There is still gold along the Fraser. On the sand bars that ridge the rushing torrent every half mile or so, Chinamen can still be seen washing the sands of the river and turning “color” with almost every pan. But the best of them average only about two dollars a day and white men merely laugh as they pass them by. It doesn’t pay for grub, hardship and loneliness. But this was a great country once. Back in the 50’s Hope was a great outfitting point for a stampede of Americans who had failed to find fortunes at the first few turns of a shovel in the California rush, and chased the rainbow a thousand miles northward rather than return East empty handed.

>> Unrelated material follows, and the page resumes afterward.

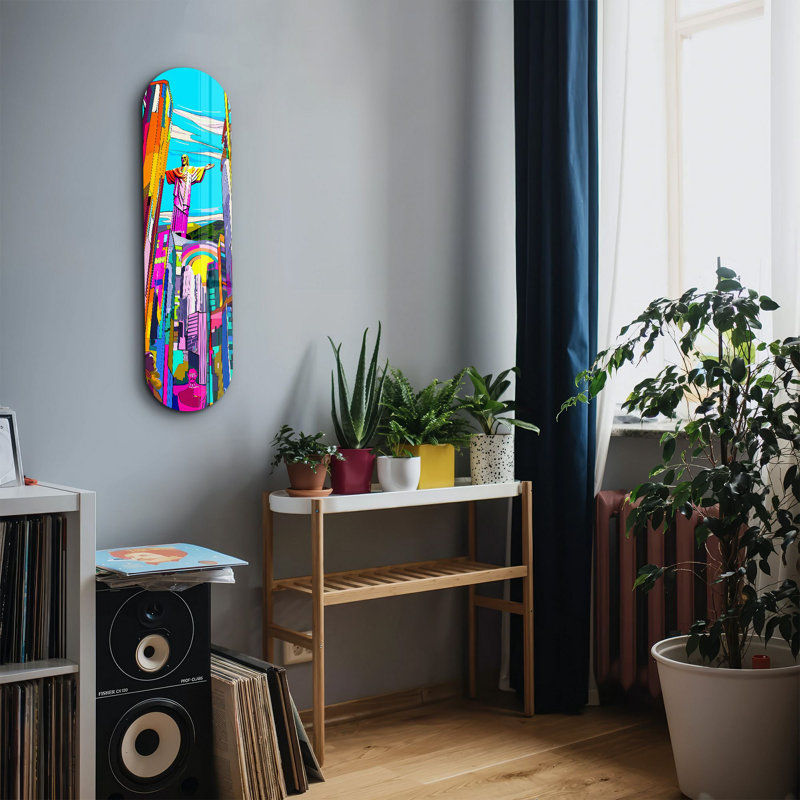 Peinture décorative en verre trempé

There certainly is gold in the Fraser. Everyone could see that. But the tossing, heaving, rushing waters knew nothing of its value. Only on the sandbars could it he found and the rambunctious river tore these down over night and erected new ones every morning. Every miner knows that gold in rivers is washed down from the hills and for seventy years prospectors have been seeking the “mother lode” of the Fraser deposits.

Ten thousand hopeful men have crossed the hills from Hope to seek this treasure house of Nature. Herbert Cryder, I soon found out, had been the ten-thousand-and-first.

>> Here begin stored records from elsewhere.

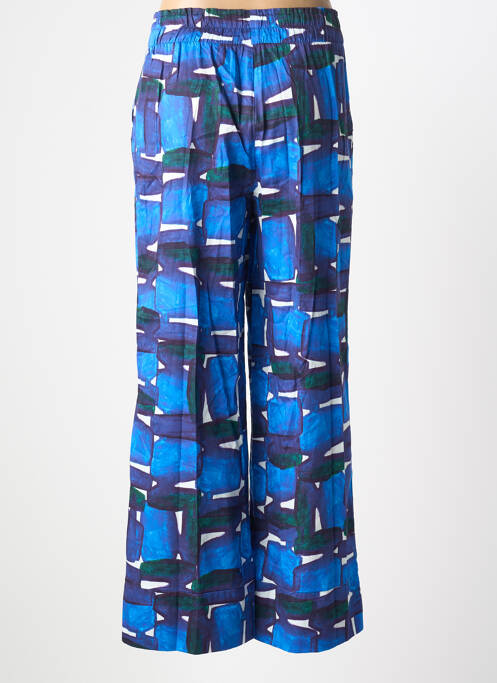 Pantalon large tissage popeline taille normale bleu MADE IN SENS femme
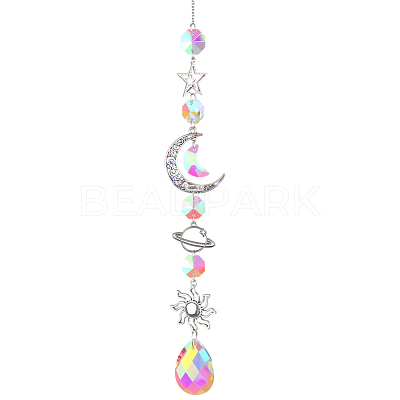 1Pc Iron Big Pendant Decorations DJEW-CN0001-37A-1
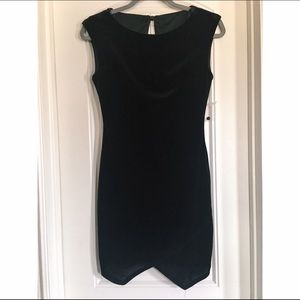 Faux Velvet cocktail dress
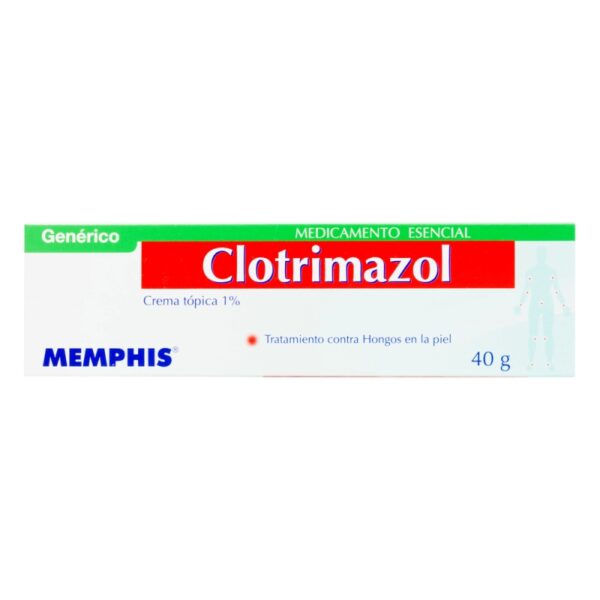 Clotrimazol 1% Crema Topica 40 Gr Memphis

There was no concealment about his journey. He was easier to follow than a new yellow freight car. The guides who had taken him into the hills were already back in Hope when I arrived there, and perfectly willing to repeat their thirty-six hour journey with no questions asked. In fact, they volunteered the information that Cryder had bought an abanboned claim without even looking at it, and taken a crew of six men — fully equipped with grub and tools for placer work in with him. The head man of the pack train tapped his forehead and winked solemnly as he told me about it, but beyond that he was non-communicative. As for me, I walked down to the river and looked at the waters as they rushed through the canyon on their way to the sea, the snow-capped mountains from which the flood had tumbled and the ruined little town which still clung to its post between the railroad and the torrent, and pinched myself to retain the idea that I was an officer of the United States Government in pursuit of a criminal.

They had told me there was but one trail across the hills to Cryder’s claim, but apparently they did not know Cryder. Because, when we arrived at his camp, he was not there. “Gone back to the Fraser to spear salmon,” a disgusted Irish laborer informed me as he took a fresh grip on his shovel.

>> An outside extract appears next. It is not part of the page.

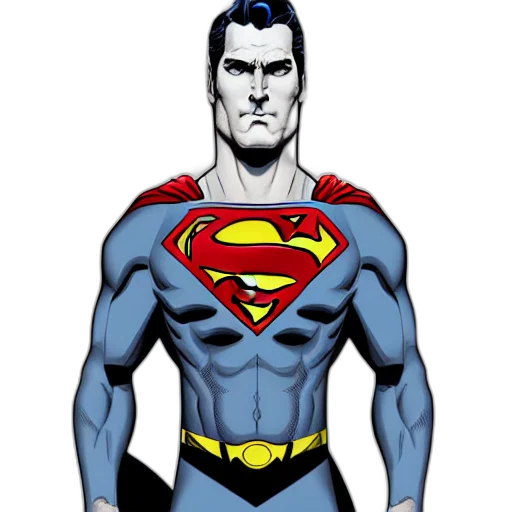 comic book art, cartoon, concept art, superman transparent PNG cut-out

It was dusk then and I was tired out from unaccustomed pony travel over the rough trail. I was glad enough to accept the foreman’s offer of supper and a bed in his tent and put off any further investigation until morning. Tired as I was, the foreman and I talked together well into the night and long after he had begun snoring I lay awake thinking over the things he had told me. I could not believe them. As nearly as I dared I had called the man a liar and accused him of being in league with Cryder. He had refused to talk at all until I had shown him my American credentials — worthless in British Columbia, but he did not know that. Then I found myself facing again that strange loyalty and sentimentality in this rough mine-workman that I had found in Dick Garrity, soft-palmed swindler.

Could Cryder’s swindle be as far-reaching as this, I wondered. Could he possibly have enlisted and coached this man in three days and then brazenly left him here alone. I knew that Cryder had never been in the district before. I knew that McGuire, the foreman, was a native of Hope. I knew that all Cryder had done in the camp was to take a few snapshots after the men he had brought in had started digging and put up a sign he had had painted in Hope. The sign was non-committal. It was merely a white board with black lettering planted against the face of a huge cliff. “Hectopus Mine,” was all it said.

Two days later I was again walking the brink of the Fraser River Canyon. I was waiting for Cryder — reported somewhere in the neighborhood — and for a train. A hundred feet below me the same river boiled and swirled. It might have been the same water I had first seen, turning a corner and returning, so eternal was the tumult. It seemed as though the Fraser were composed of liquid hills and valleys, so firmly did the currents force the water into fantastic moulds.